Parlamento, Commissione e Consiglio europei hanno trovato l’accordo sulla riforma del copyright. Con l’intesa raggiunta tra Francia e Germania non è più bastata l’opposizione degli Stati contrari, tra cui l’Italia. Il governo Lega-Movimento 5 Stelle ha totalmente cambiato direzione, chiedendo la cancellazione degli articoli 11 e 13. Il testo passato non pone però la parola fine a questa odissea: manca ancora il voto finale del Parlamento a Strasburgo che potrebbe ribaltare il risultato come successo a luglio.

Agreement reached on #copyright! Europeans will finally have modern copyright rules fit for digital age with real benefits for everyone: guaranteed rights for users, fair remuneration for creators, clarity of rules for platforms. pic.twitter.com/dwQGsAlJvK

— Andrus Ansip (@Ansip_EU) February 13, 2019

Nelle puntate precedenti
Come ricorderete infatti a luglio Wikipedia aveva oscurato le sue pagine in segno di protesta verso questa riforma e questo aveva acceso i riflettori anche in Italia sulla riforma.

Riforma voluta dagli editori e dai produttori discografici, cinematografici e televisivi, che lamentano da anni come gli utenti carichino illegalmente i loro contenuti su piattaforme video come YouTube e Facebook (articolo 13). O come le piattaforme social e gli aggregatori di news come Facebook e Google News monetizzino ospitando gratuitamente i contenuti scritti da altri (articolo 11).

Questo ovviamente è solo un lato della medaglia, perché le conseguenze di questa riforma sono molto più complesse, sia per gli effetti dell’articolo 13 che dell’11. I produttori di contenuti e i detentori dei diritti di sfruttamento lamentano infatti l’attuale gestione dei contenuti illegali, che prevede in capo a loro, secondo la direttiva ecommerce, l’onere di segnalare i contenuti illegali in rete e alle piattaforme e ai provider di rimuoverli.

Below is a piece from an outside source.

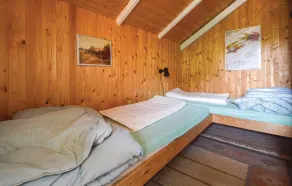 Hyggeligt hus med 4 soveværelser i Hemmet - Image 4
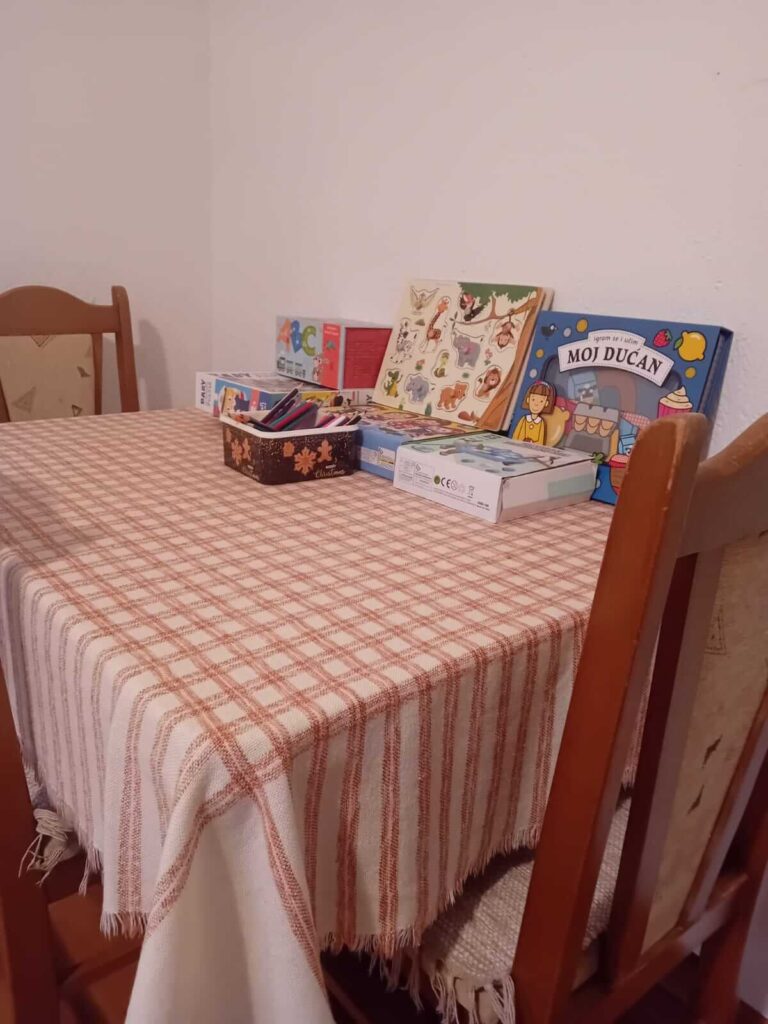 kuca-za-odmor-dumancic-visit-kupres-booking (5)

Su YouTube da anni in realtà esiste un filtro per i contenuti, il cosiddetto Content Id. Ma un conto è un’implementazione su base volontaria, altro è una norma che lo impone e che sancisce la responsabilità legale della piattaforma se il filtro non funziona. Oltretutto non tutti hanno la capacità di spesa in ricerca e sviluppo per creare una tecnologia che è costata a Google qualche decina di milioni di euro.

Breaking: The text of #Article13 and the EU Copyright Directive has just been finalised. Upload filters are in. Here’s how we got here and what you can still do to #SaveYourInternet: https://t.co/lXJ3Jxux5i pic.twitter.com/bNmVwLJXUp

— Julia Reda (@Senficon) February 13, 2019

L’accordo tra Francia e Germania sull’articolo 13
La riforma, che solo tre settimane fa rischiava di slittare alla prossima legislatura, è arrivata sul tavolo del trilogo dopo che Francia e Germania hanno trovato un accordo sulle eccezioni. Questa intesa è stata accolta nel testo uscito ieri sera dopo tre giorni di contrattazioni.

Se la Francia voleva infatti che l’articolo 13 sui filtri si applicasse a tutte le piattaforme, la Germania guardava alla necessaria protezione da accordare alle startup con un fatturato inferiore ai 20 milioni di euro, per permettere loro di crescere e non essere schiacciate da vincoli troppo forti. Il risultato però è stato un accrocchio, sostiene l’europarlamentare Julia Reda, del partito dei Pirati tedesco, che sembra più uno specchio per le allodole.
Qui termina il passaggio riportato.